Perlengkapan Perang ini adalah pandan berduri
diikat menjadi satu berbentuk sebuah gada, sementara untuk perisai yang terbuat
dari rotan. Setiap pria (mulai naik remaja) didesa ini wajib ikut dalam
pelaksanaan Perang Pandan, panggung berukuran sekitar 5 x 5 meter persegi itu.
Dengan tinggi sekitar 1 meter, tanpa tali pengaman mengelilingi.

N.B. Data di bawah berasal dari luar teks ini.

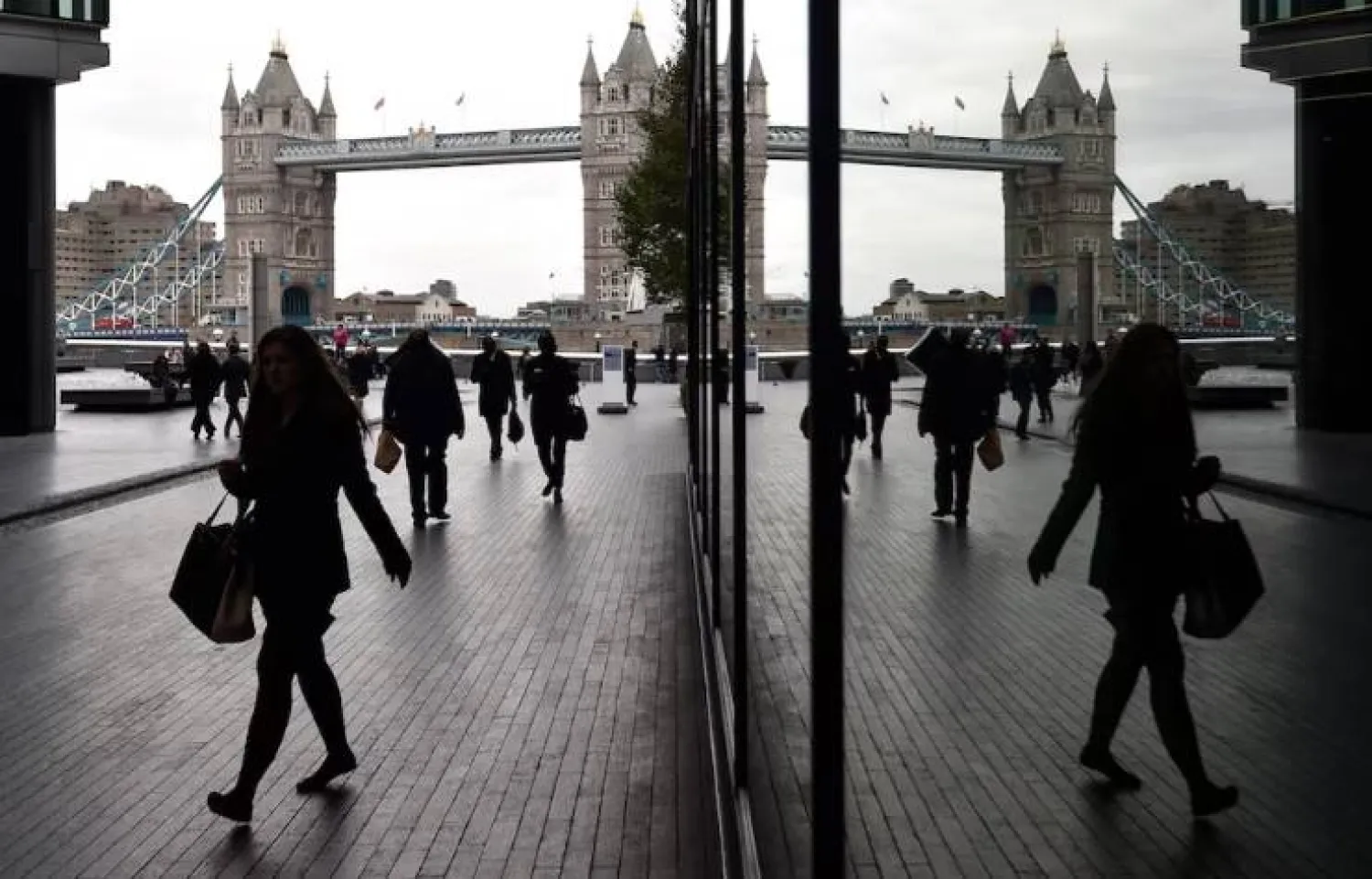 يمشي موظفون بمنطقة «مور لندن» التجارية حيث يظهر جسر «البرج» الشهير في الخلفية (أرشيفية - رويترز)
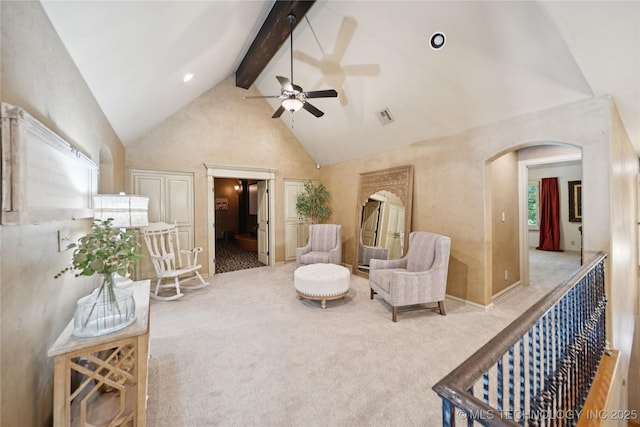 19735 E Woodhaven Rd, Owasso, OK 74055 - sitting room featuring a ceiling fan, carpet flooring, beam ceiling, high vaulted ceiling, and arched walkways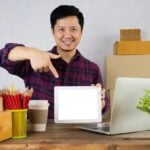 a man pointing at a laptop screen on a desk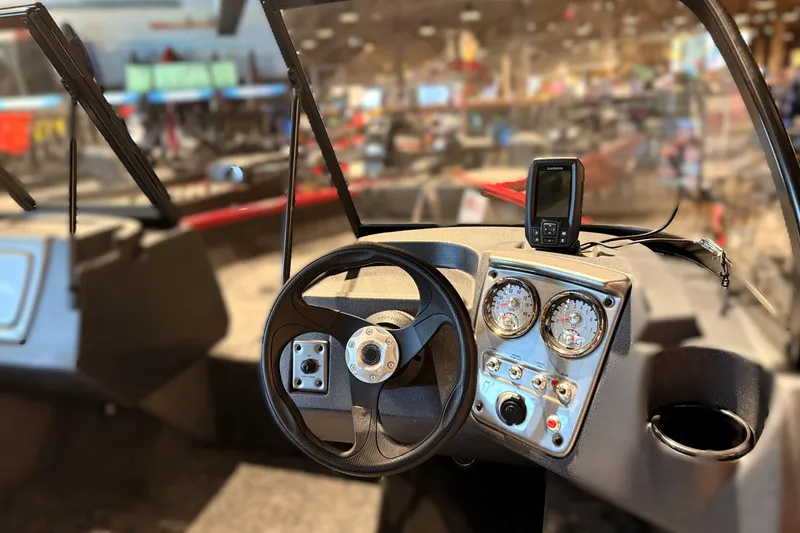 Slide: The Image of Interior view of 2026 Tracker Pro Guide V-16 WT boat dashboard with steering wheel and gauges. - 48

Sebelum Perang Pandan dimulai,diawali dengan
ritual upacara mengelilingi desa untuk memohon keselamatan,lalu diadakan ritual
minum tuak, tuak dalam di bambu dituangkan ke daun pisang yang berfungsi
seperti gelas. Peserta perang saling menuangkan tuak itu ke daun pisang peserta
lain. Kemudian tuak tersebut dikumpulkan menjadi satu dan dibuang kesamping
panggung.
Saat upacara Perang Pandan akan dimulai, Mangku
Widia pemimpin adat di Desa Tenganan memberi aba-aba dengan suaranya, lalu dua
pemuda bersiap-siap. Mereka berhadap-hadapan dengan seikat daun pandan di
tangan kanan dan perisai terbuat dari anyaman rotan di tangan kiri. Penengah
layaknya wasit berdiri di antara dua pemuda ini.

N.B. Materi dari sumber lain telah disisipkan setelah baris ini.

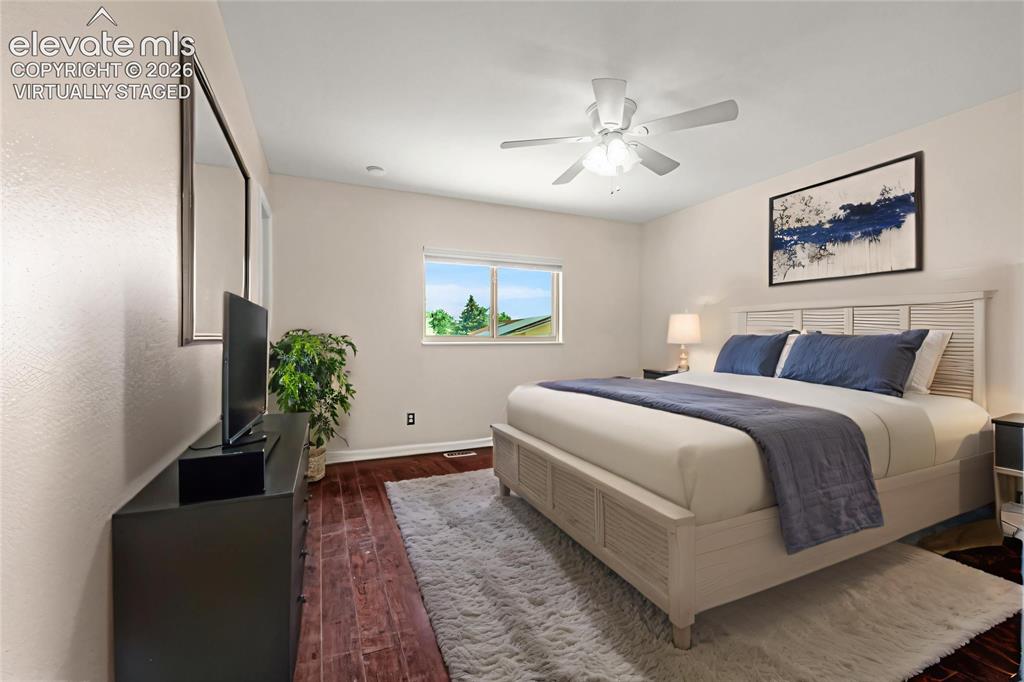 Image 21 of 49: Spacious room featuring rich wood-finish flooring, a ceiling fan with integ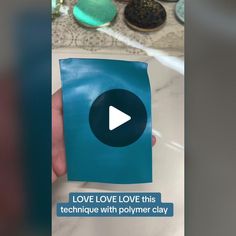 someone is holding up a video card that says love love this technique with polymer clay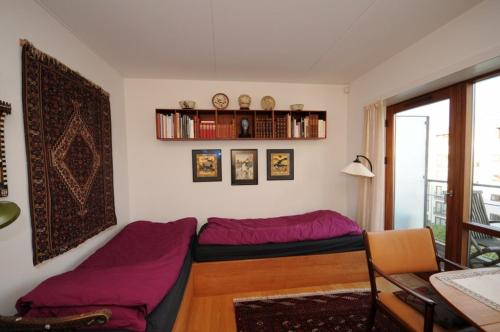 a living room with a bed and a table at Esben Juhls Guest Room in Copenhagen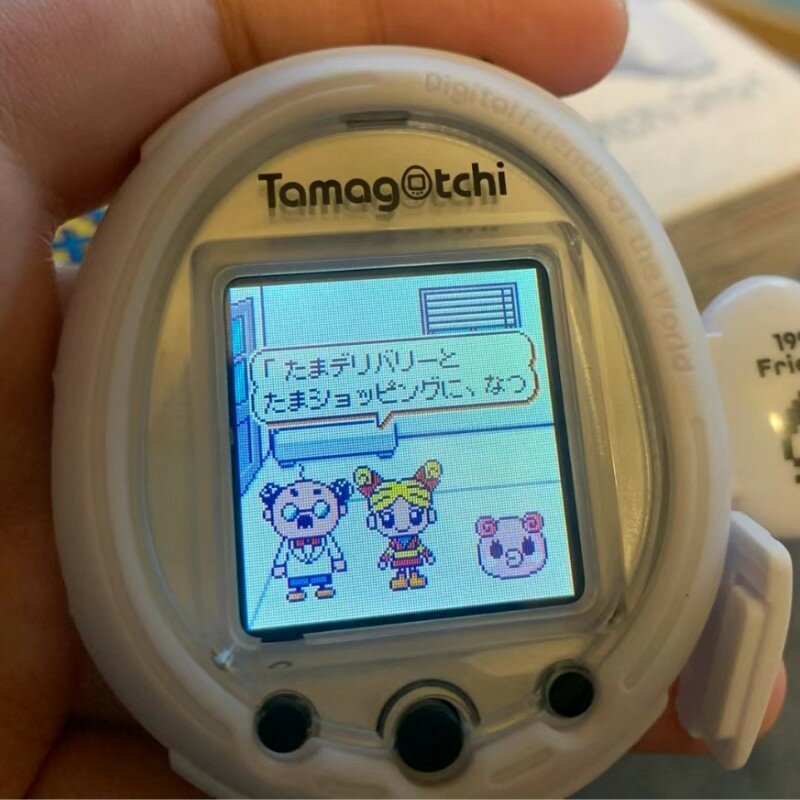 นาฬิกาอิเล็กทรอนิกส์25th อัจฉริยะ Bandai Tamagotchi อัจฉริยะสำหรับสัตว์เลี้ยงอายุจำกัดวันครบรอบปีรูปแบบนาฬิกาสีขาวเคสแบบพกพาสำหรับเด็กวันเกิดของขวัญของเล่นแสนตลก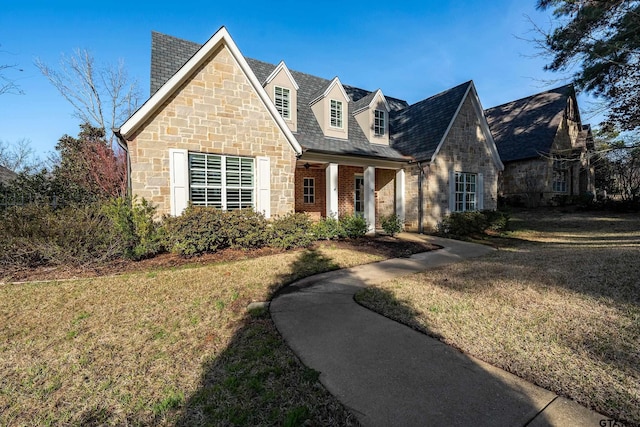 view of front facade featuring a front yard and stone siding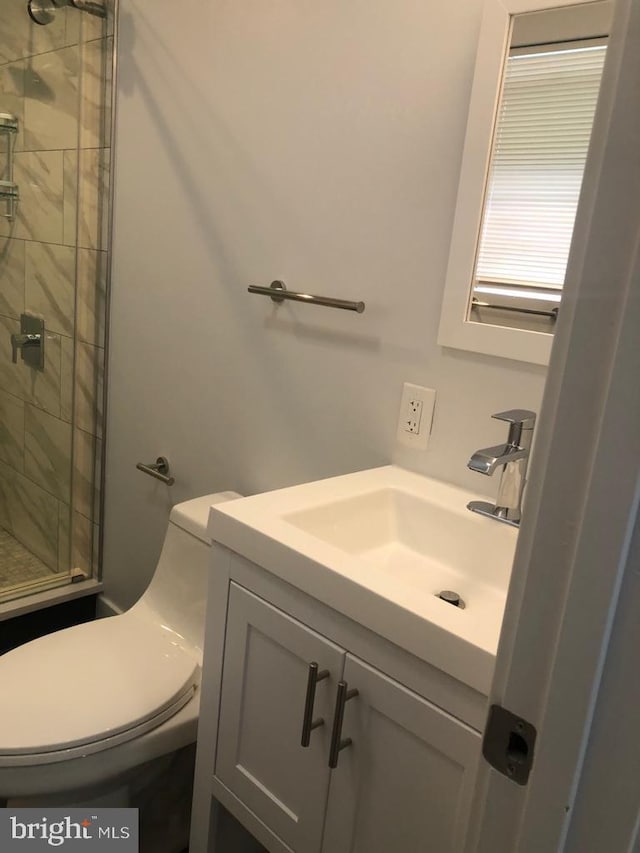 bathroom featuring walk in shower, vanity, and toilet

Setelah penengah mengangkat tangan
tinggi-tinggi, dua pemuda itu saling menyerang. Mereka memukul punggung lawan
dengan cara merangkulnya terlebih dulu. Mereka berpelukan. Saling memukul
punggung lawan dengan daun pandan itu lalu menggeretnya. Karena itu ritual ini
disebut pula megeret pandan. Peserta perang yang lain bersorak memberi
semangat. Gamelan ditabuh dengan tempo cepat. Dua pemuda itu saling berangkulan
dan memukul hingga jatuh. Penengah memisahkan keduanya dibantu pemedek yang
lain.
Pertandingan ini tidak berlangsung lama. Kurang
dari satu menit bahkan. Selesai satu pertandingan langsung disambung
pertandingan yang lain, Ini dilakukan bergilir (lebih kurang selama 3 jam).

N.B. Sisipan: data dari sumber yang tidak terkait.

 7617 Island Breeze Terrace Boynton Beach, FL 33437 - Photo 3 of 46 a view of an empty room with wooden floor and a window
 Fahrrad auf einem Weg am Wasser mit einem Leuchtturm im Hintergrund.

Seusai upacara tersebut semua luka gores
diobati dengan ramuan tradisional berbahan kunyit yang konon sangat ampuh untuk
menyembuhkan luka. Tidak ada sorot mata sedih bahkan tangisan pada saat itu
karena mereka semua melakukannya dengan iklas dan gembira. Tradisi ini adalah
bagian dari ritual pemujaan masyarakat Tenganan kepada Dewa Indra, dewa perang
yang dihormati dengan darah lewat upacara perang pandan, dilakukan tanpa rasa
dendam, atau bahkan dengan senyum ceria, meski harus saling melukai dengan duri
pandan.
Setelah Perang Pandan selesai kemudian ditutup
dengan bersembahyangan di Pura setempat dilengkapi dengan
mempersembahkan/menghaturkan tari Rejang.
Adat istiadat harus kita junjung tinggi karena
merupakan citra diri juga melambangkan harga diri akan suatu negeri. Adat
istiadat jangan sampai hilang agar orang tahu dari mana kita berasal. Bali
pulau dewata menampilkan berbagai macam keindahan.